Repeat only the lines between the one with "Mission Platform Bed" and the end of the material below, both ends included. Omit any picture.

___ THE RECORDS ___

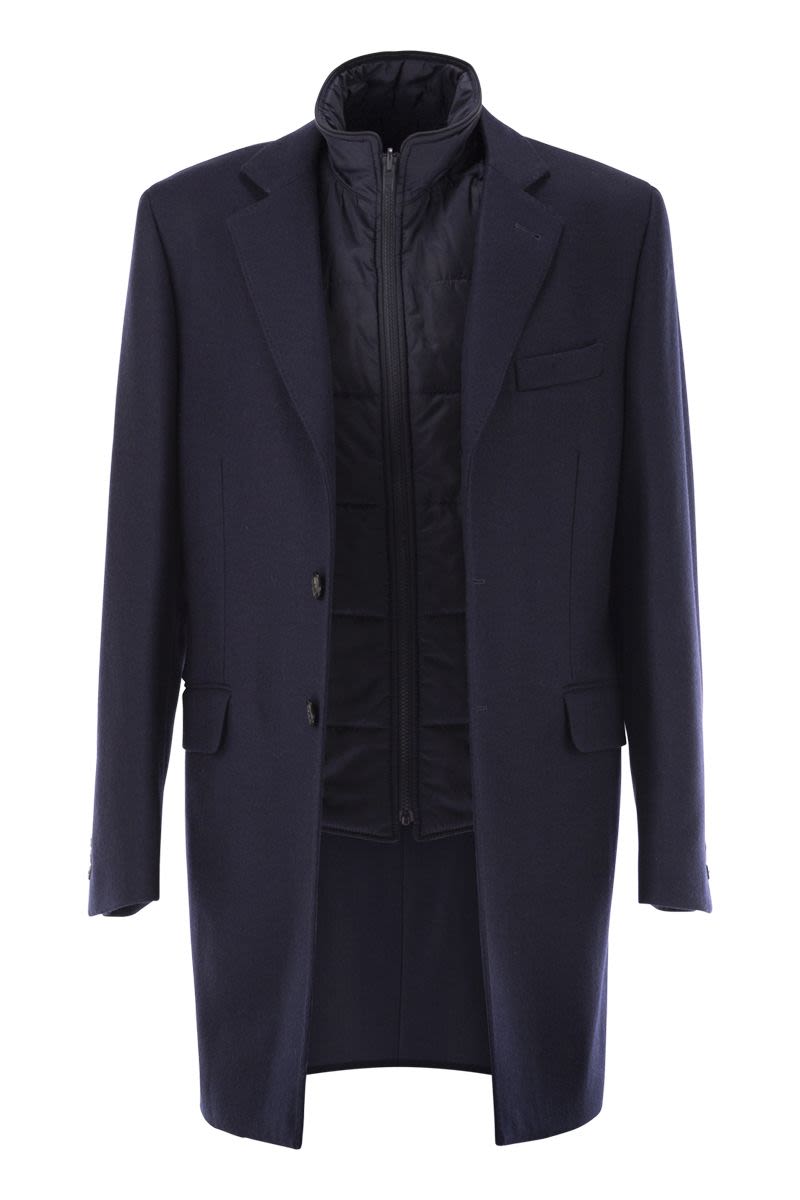 FAY Classic 3-in-1 Wool and Cashmere Double Jacket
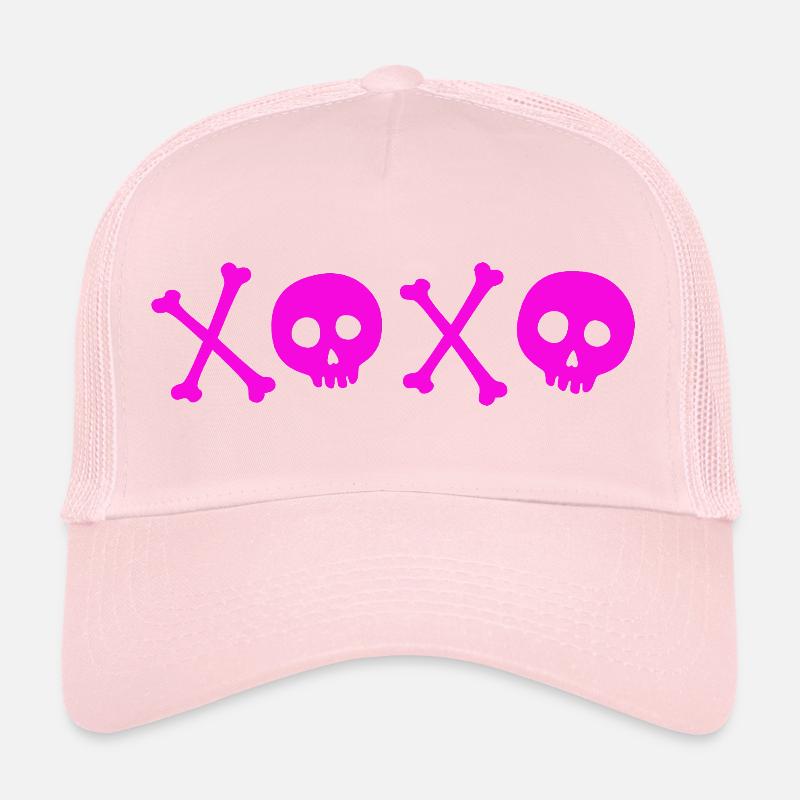 Crânes roses XOXO Casquette trucker 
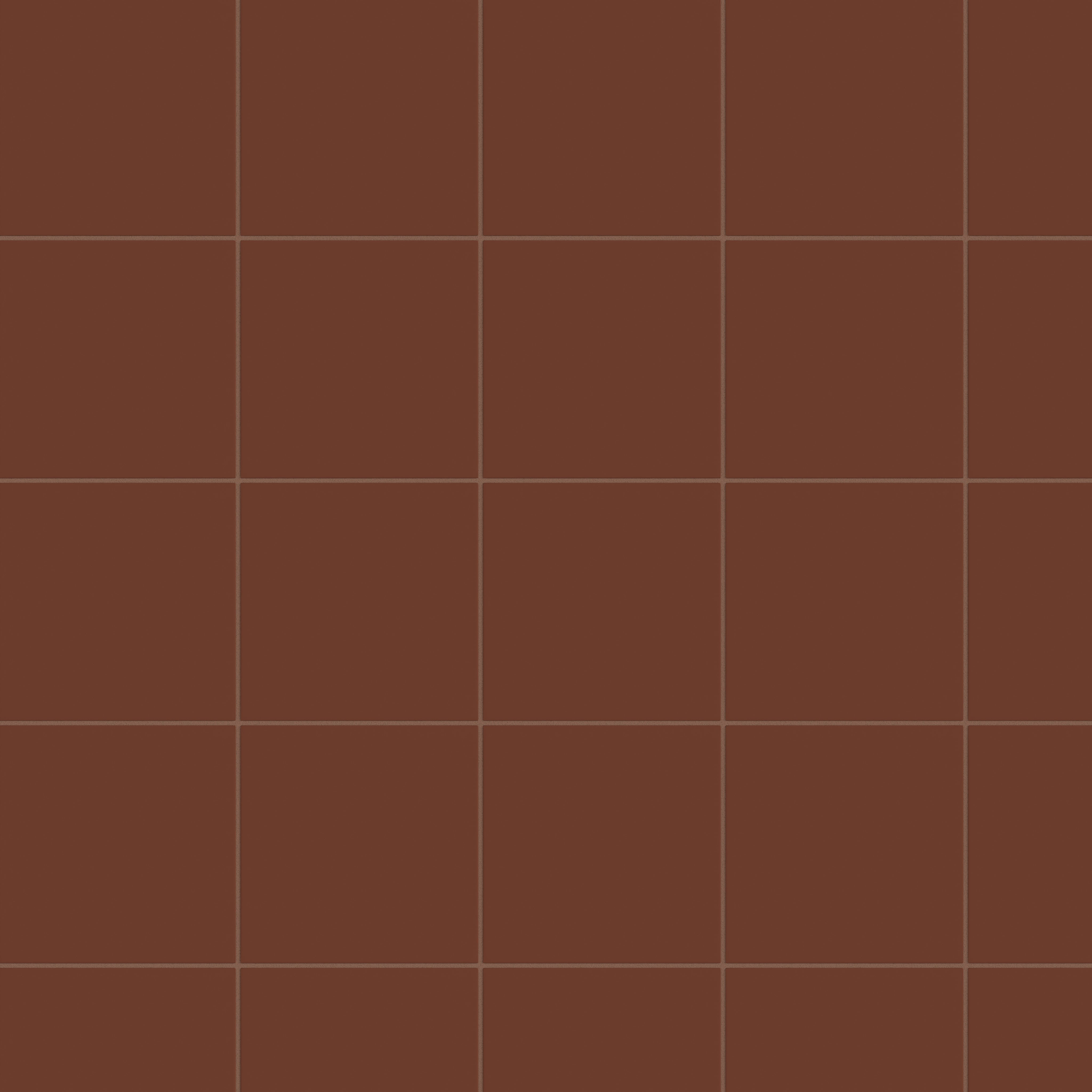 8x8 Natural Press Ceramic Tile in Red Iron Oxide Matte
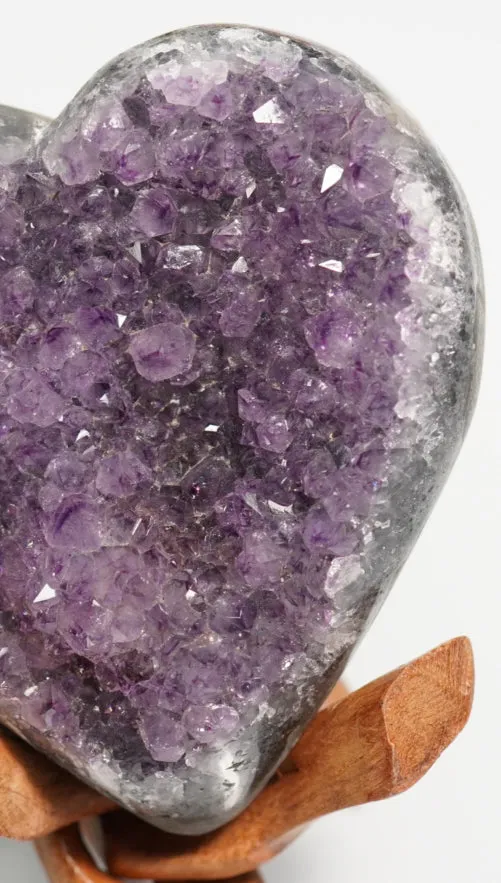 Amethyst Heart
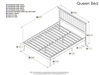 Mission Platform Bed with Open Footrails - Caramel Latte - AR87X1007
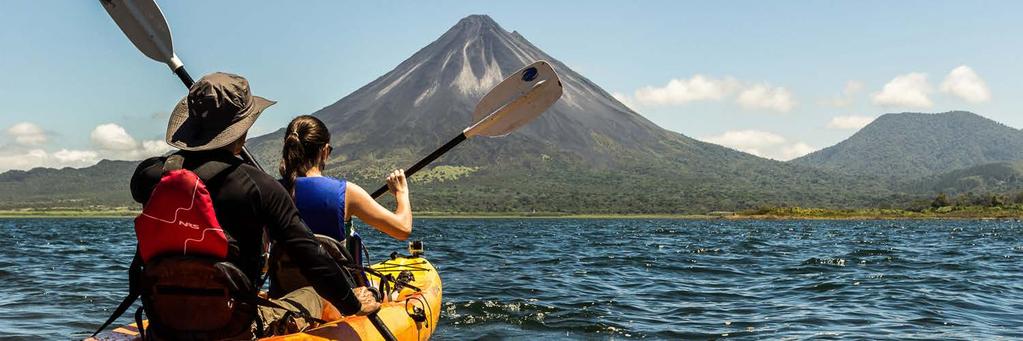 Kayaking Arenal Lake 20 Cost per person from: $80 Cost per child from: 5-11 years $60, Minimum age 5 years Includes: Bilingual-professional guides, snacks, water equipment, transportation.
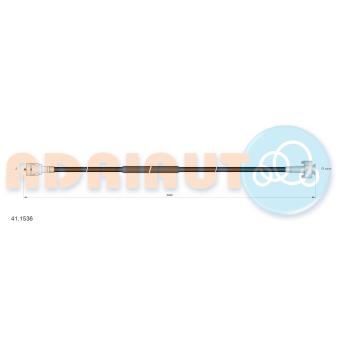 Câble flexible de commande de compteur ADRIAUTO [41.1536]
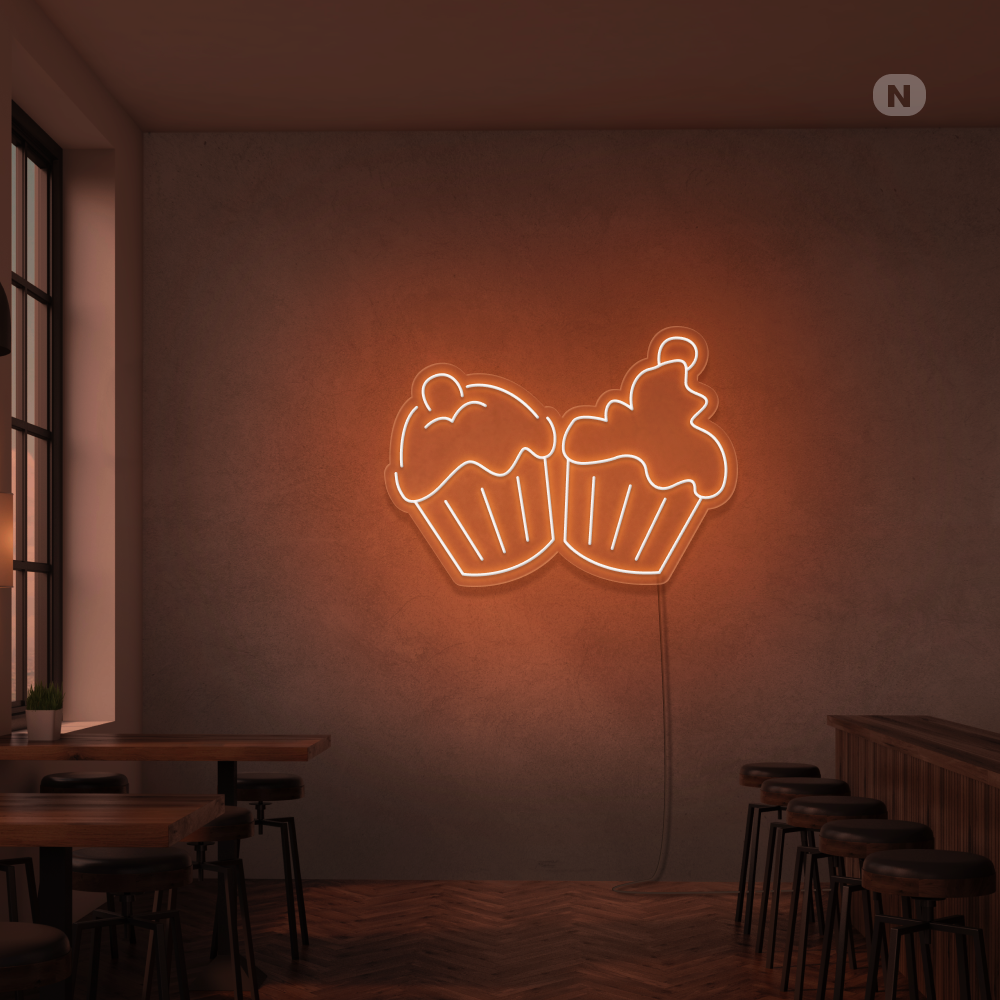 Neon Schild Törtchen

___

**TASK OUTPUT**
 Mission Platform Bed with Open Footrails - Caramel Latte - AR87X1007
 Kayaking Arenal Lake 20 Cost per person from: $80 Cost per child from: 5-11 years $60, Minimum age 5 years Includes: Bilingual-professional guides, snacks, water equipment, transportation.
 Câble flexible de commande de compteur ADRIAUTO [41.1536]
 Neon Schild Törtchen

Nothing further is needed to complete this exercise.